[[ DATA SECTION open ]]

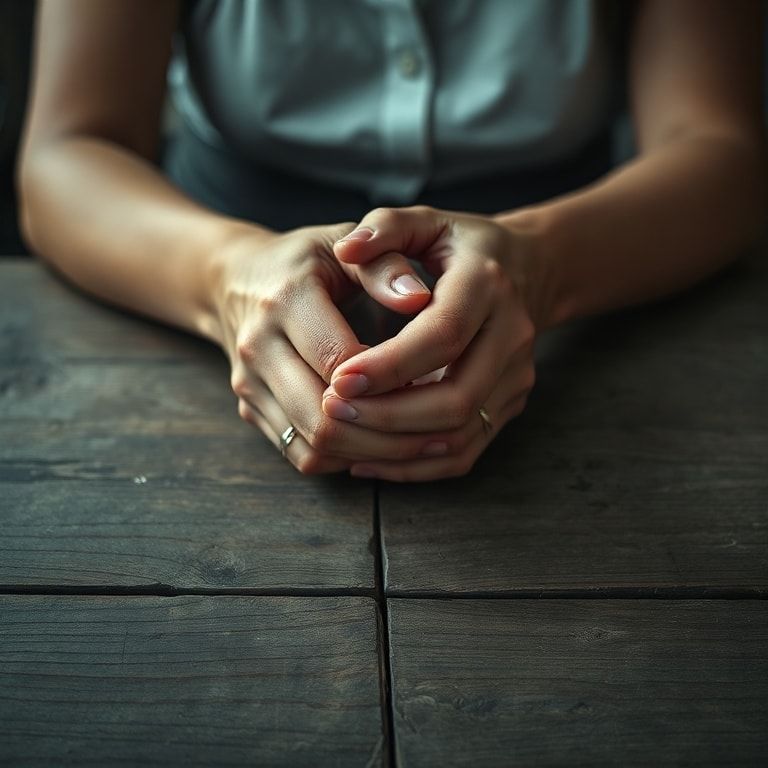 confession - A woman's hands clasped tightly, resting on a worn wooden table, symbolizing immense internal struggle and the w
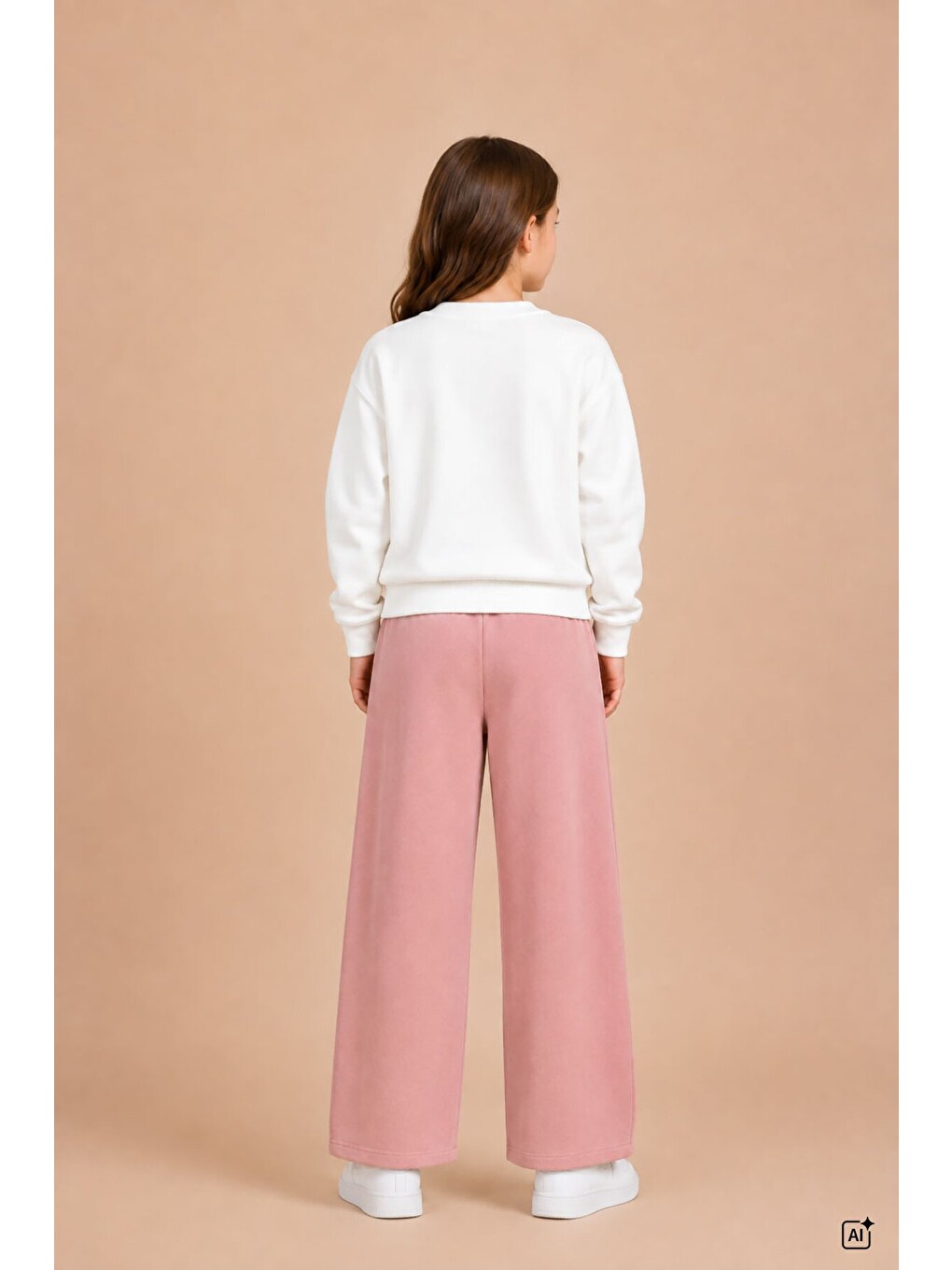 Pembe Somon Kız Çocuk Fiyonk Desenli Sweatshirt Geniş Paça Eşofman Takımı 24826-3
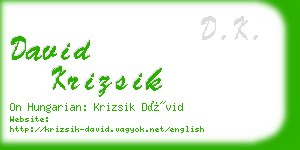 david krizsik business card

[[ DATA SECTION closed ]]

AIM OF THE EXERCISE:
Retype the data above verbatim, minus images.

SOLVED PROBLEM:
 confession - A woman's hands clasped tightly, resting on a worn wooden table, symbolizing immense internal struggle and the w
 Pembe Somon Kız Çocuk Fiyonk Desenli Sweatshirt Geniş Paça Eşofman Takımı 24826-3
 david krizsik business card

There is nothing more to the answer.